Plaintiff next cites Emerson v. Mound City, Mo.Sup., 26 S.W.2d 766, 767, written by the writer of this opinion, when he was a member of the Supreme Court of Missouri. There a judgment for $10,000.00 was affirmed. The injuries in that case were much more severe than were sustained by plaintiff in this case. Evidently, appellant in the Emerson case had marshaled a number of cases where the verdict was held to be excessive, for we said:

"Appellant has not sought to show that the damages allowed are excessive by comparison with past awards in similar cases which have been under the scrutiny of appellate courts. We have often had occasion to say that the marshaling of adjudicated cases is of little aid in determining the propriety of the award in any other case because the facts in respect to the injuries suffered, the age and condition in life of the injured person, and the surrounding circumstances are not fairly comparable, and such cases do not afford an accurate guide. Each case must be determined upon its own peculiar state of facts."

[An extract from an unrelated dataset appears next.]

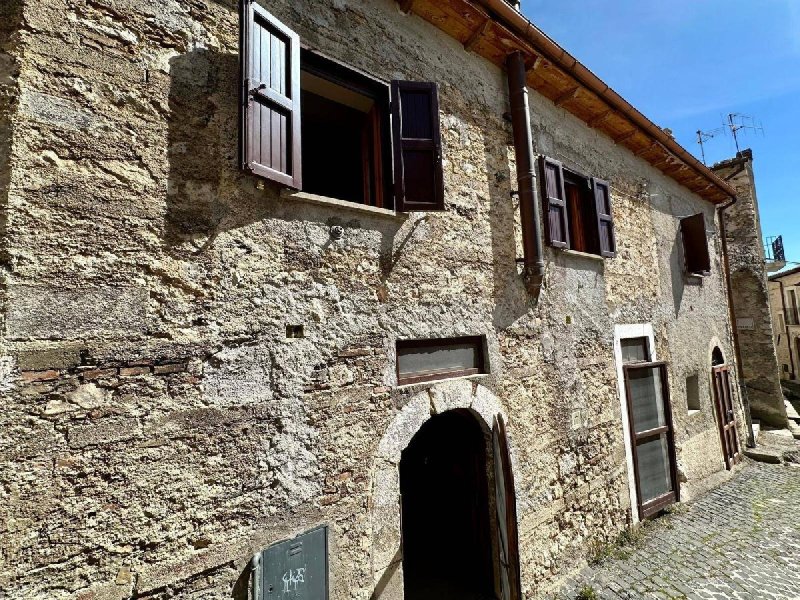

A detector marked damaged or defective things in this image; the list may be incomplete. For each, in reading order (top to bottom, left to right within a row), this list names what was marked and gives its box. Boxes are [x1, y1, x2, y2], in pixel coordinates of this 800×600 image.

rusty door [716, 366, 740, 468] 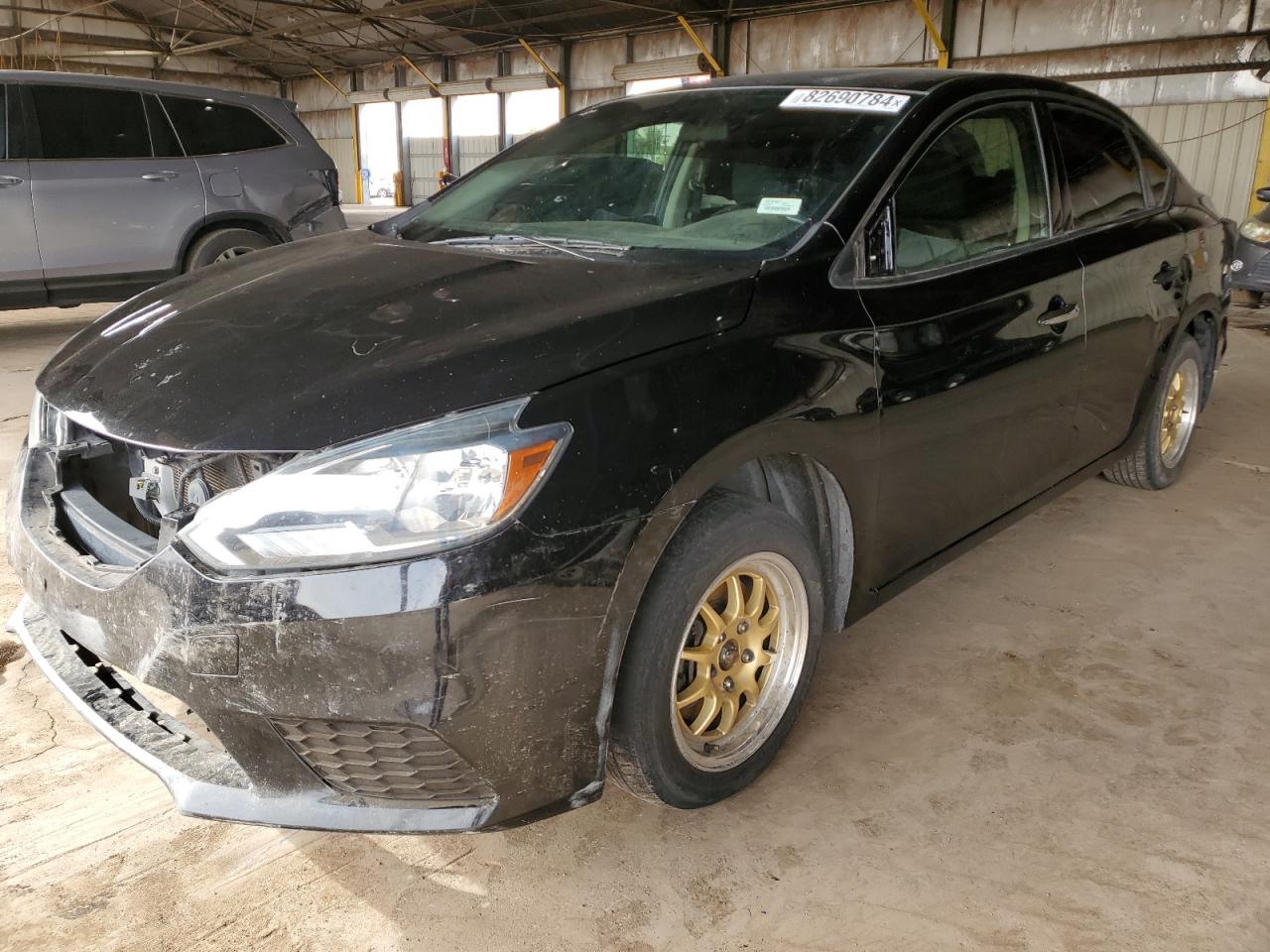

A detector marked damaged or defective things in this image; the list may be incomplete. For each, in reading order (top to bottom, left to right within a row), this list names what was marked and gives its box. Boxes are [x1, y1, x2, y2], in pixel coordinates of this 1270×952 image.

damaged front bumper [8, 442, 639, 829]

In Hamilton v. Patton Creamery Co., 359 Mo. 526, 222 S.W.2d 713, cited by plaintiff, the jury had returned a verdict for plaintiff for $10,000.00 and that verdict was reduced to $6,998.00.

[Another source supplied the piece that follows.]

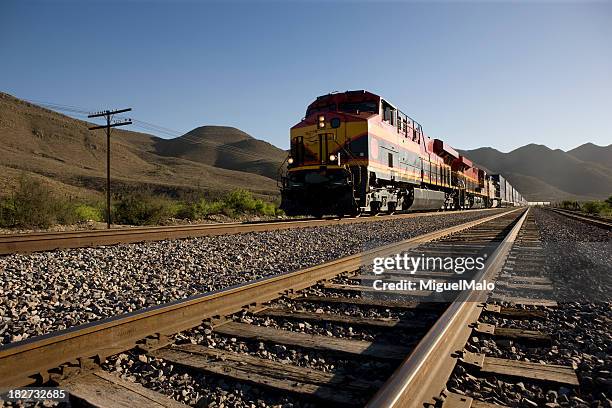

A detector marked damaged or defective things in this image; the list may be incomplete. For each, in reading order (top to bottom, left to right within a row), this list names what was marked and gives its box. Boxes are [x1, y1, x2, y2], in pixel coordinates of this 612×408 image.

rusty rail [0, 209, 516, 390] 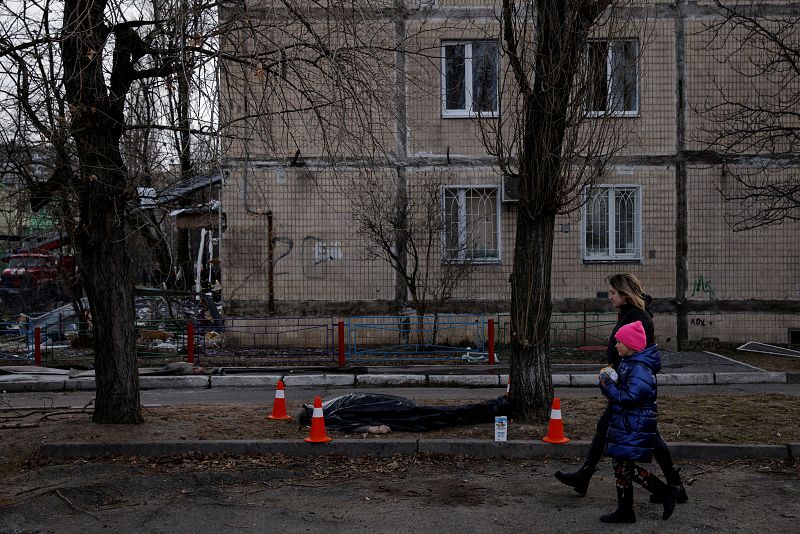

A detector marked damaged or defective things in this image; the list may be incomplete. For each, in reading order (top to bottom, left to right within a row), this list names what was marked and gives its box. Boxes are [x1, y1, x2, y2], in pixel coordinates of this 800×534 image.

damaged structure [216, 2, 796, 352]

The Supreme Court of Missouri did that very thing in the late case of Russell v. St. Louis Public Service Co., 251 S.W.2d 595, on page 600, and the reasoning of that Court fully justifies reduction of the verdict in this case.

The late Judge Fulbright, then Presiding Judge of this Court, wrote the opinion in Clader v. City of Neosho, Mo.App., 198 S.W.2d 523. The injuries in that case were *38 shown to have been very severe, and a judgment for $5,000.00 was approved.

It is useless to review all of the cases. Each case must stand or fall on the particular facts of that case. A judgment of $5,000.00 for actual damages, on the facts in this case, appears to us to be excessive. A careful review of the testimony, contained in the long transcript, satisfies us that the trial judge committed no error in the admission or exclusion of testimony, and that the instructions given were based on the evidence in the case and were proper.

Therefore, if the respondent will, within fifteen days from the date of the filing of this opinion, enter a remittitur of $2,000.00 from the judgment, the plaintiff may have a judgment for $3,000.00 and such judgment will be affirmed; otherwise, the judgment rendered by the trial court will be reversed and the cause remanded for another trial, because of the excessiveness of the verdict returned by the jurors in the trial under consideration.

It is so ordered.

VANDEVENTER, P. J., and McDOWELL, J., concur.